They sat in the garden at the Freemason's Arms, eating brown bread with cheese and pickle, and drinking lager. They'd had to wait for one of the white plastic tables, but judged it worth it for the sun and the view across Willow Road to the Heath.

Toby, having mangled a soft cheese roll and most of the chips in his basket, sat in the grass at their feet. He was pulling things from Gemma's bag, muttering a running catalogue to himself-'keys, stick, Toby's horsey'-here he held a tattered stuffed horse up for their inspection. Kincaid thought blackly of the listing of a victim's effects, then pushed the thought away. He pulled a chip from Toby's basket and held it out to him. 'Here, Toby.

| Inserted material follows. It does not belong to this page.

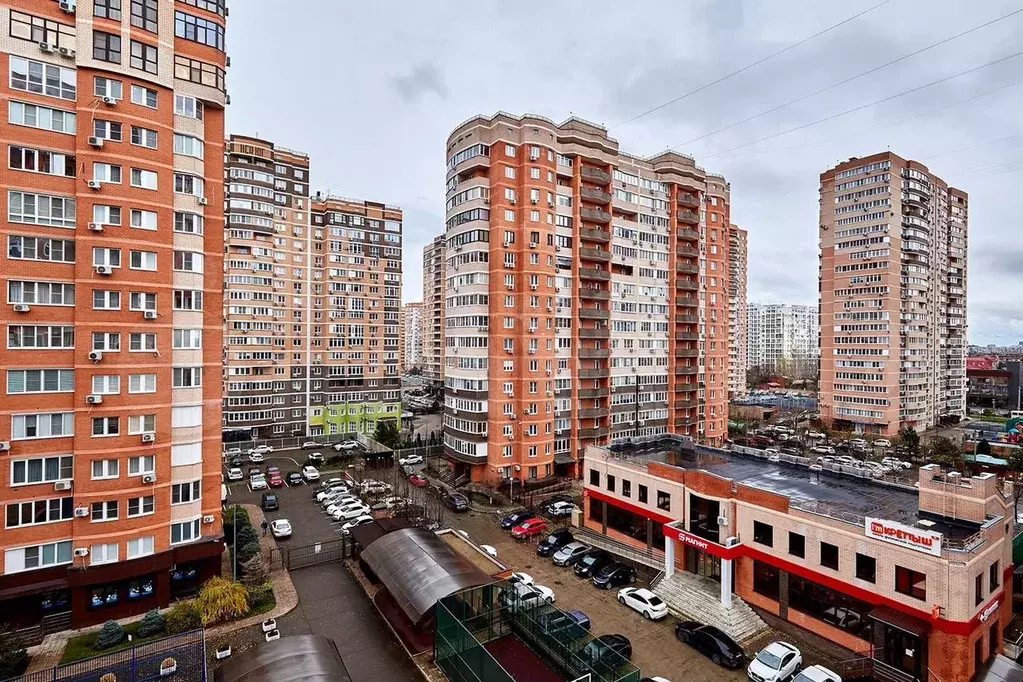 2-к. квартира, 80 м, 7/16 эт. - Фото 1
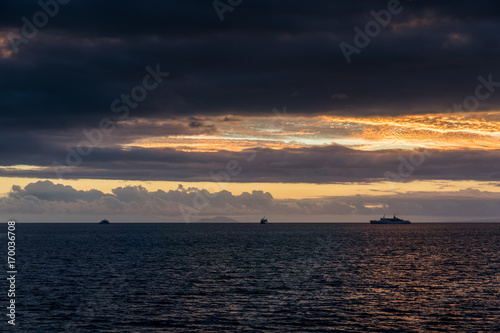 Sonnenuntergang über Meer und Schiffen, Galapagos © schame87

Feed the birds.'

Toby looked from Kincaid to the house sparrows pecking in the grass. 'Birdies?' he said, interested, then launched himself toward the sparrows, chip extended before him like a rapier. The birds took flight.

'Now look what you've done,' said Gemma, laughing. 'He'll be frustrated.'

'Good for his emotional development,' Kincaid intoned with mock seriousness, men grinned at her. 'Sorry.' He liked seeing Gemma this way, relaxed and thoughtful. At work she was often too quick off the mark with assumptions, and he had more than once accused her of talking faster than she thought.

Good with Toby, too, he thought, attentive without fussing. He watched Gemma reel the toddler back in and plop him in the grass at her feet. She put a piece of her bread in the grass a few feet from Toby. 'Here, lovey. Be very, very still and maybe they'll come to you.' The sun had reddened the bridge of her nose and darkened the dusting of freckles on her pale skin. She became aware of Kincaid's scrutiny, looked up and flushed.

'You should wear a sun hat, you know, like a good Victorian girl.'

'Ow. You sound just like my mum. 'You'll blister in that sun, Gem. You mark my words, you'll look like a navvy by the time you're thirty',' Gemma mimicked. 'It can't last, anyway, this weather.' She tilted her head and looked at the flat blue sky.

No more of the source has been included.